## [Given data]
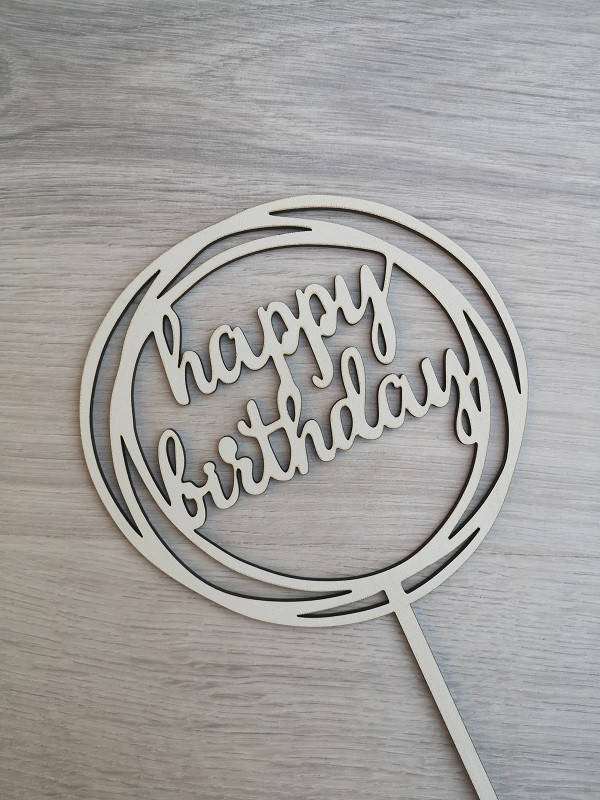 

Топпер для торта белый Happy Birthday!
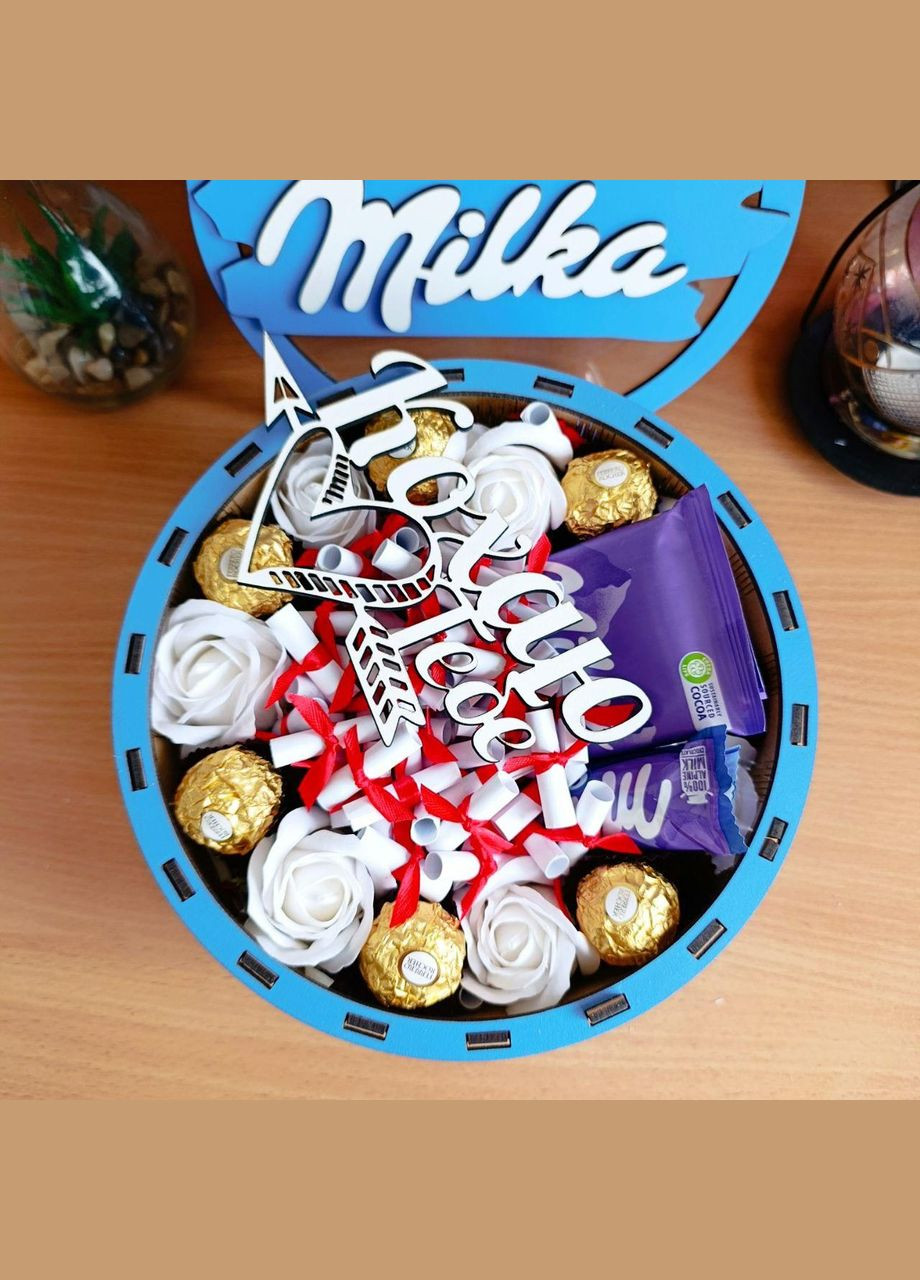 Подарунковий бокс мілка з солодощами та 101 причиною чому я тебе люблю на день закоханих 8 березня (ar222) No Brand (323223849)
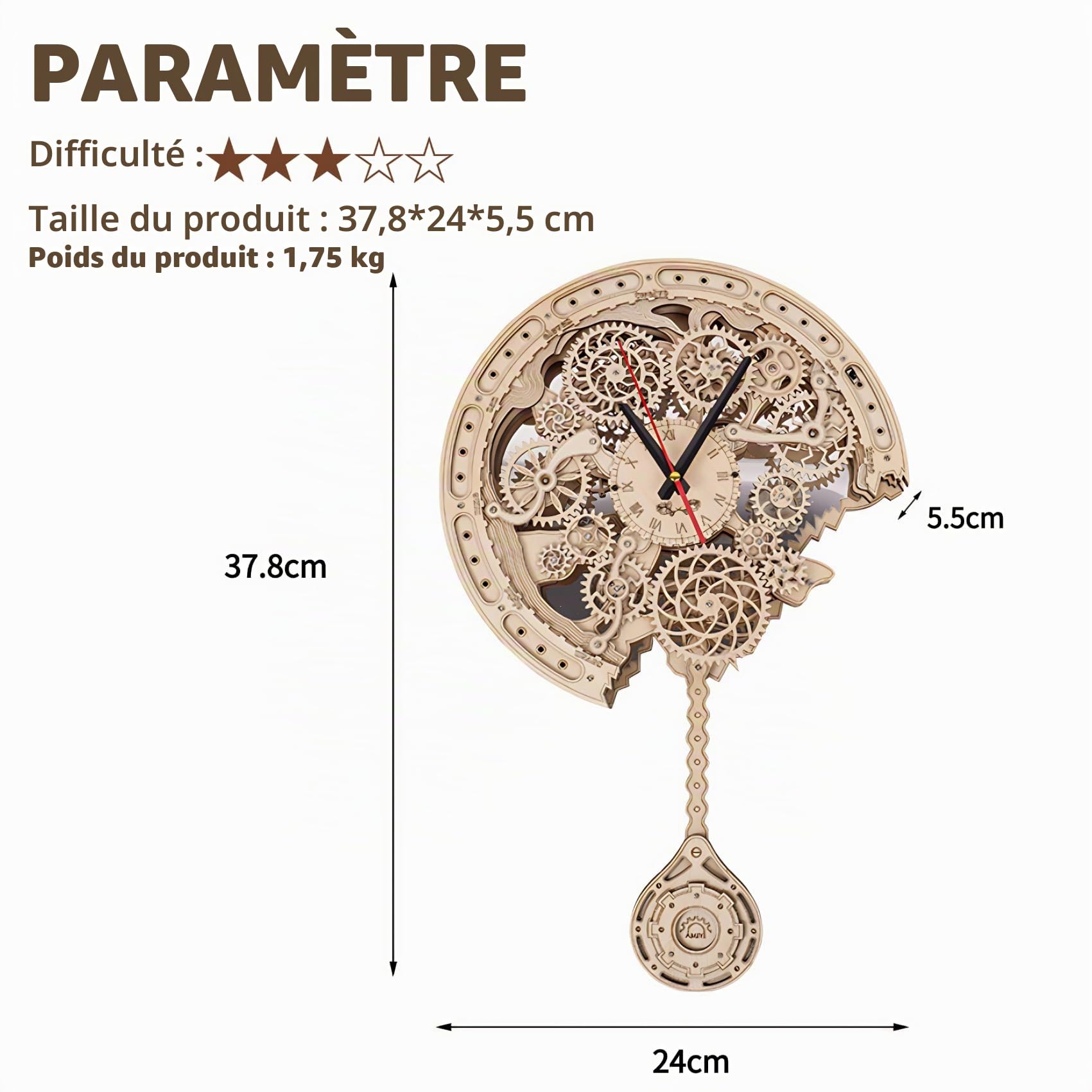 Gueidi Puzzle 3D en bois magique - Kit de modélisation 3D - Cadeau pour enfants et adultes (horloge)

## [Aim of the exercise]
No picture belongs in the copy; return the rest of the listing exactly.

## [Response below]
Топпер для торта белый Happy Birthday!
 Подарунковий бокс мілка з солодощами та 101 причиною чому я тебе люблю на день закоханих 8 березня (ar222) No Brand (323223849)
 Gueidi Puzzle 3D en bois magique - Kit de modélisation 3D - Cadeau pour enfants et adultes (horloge)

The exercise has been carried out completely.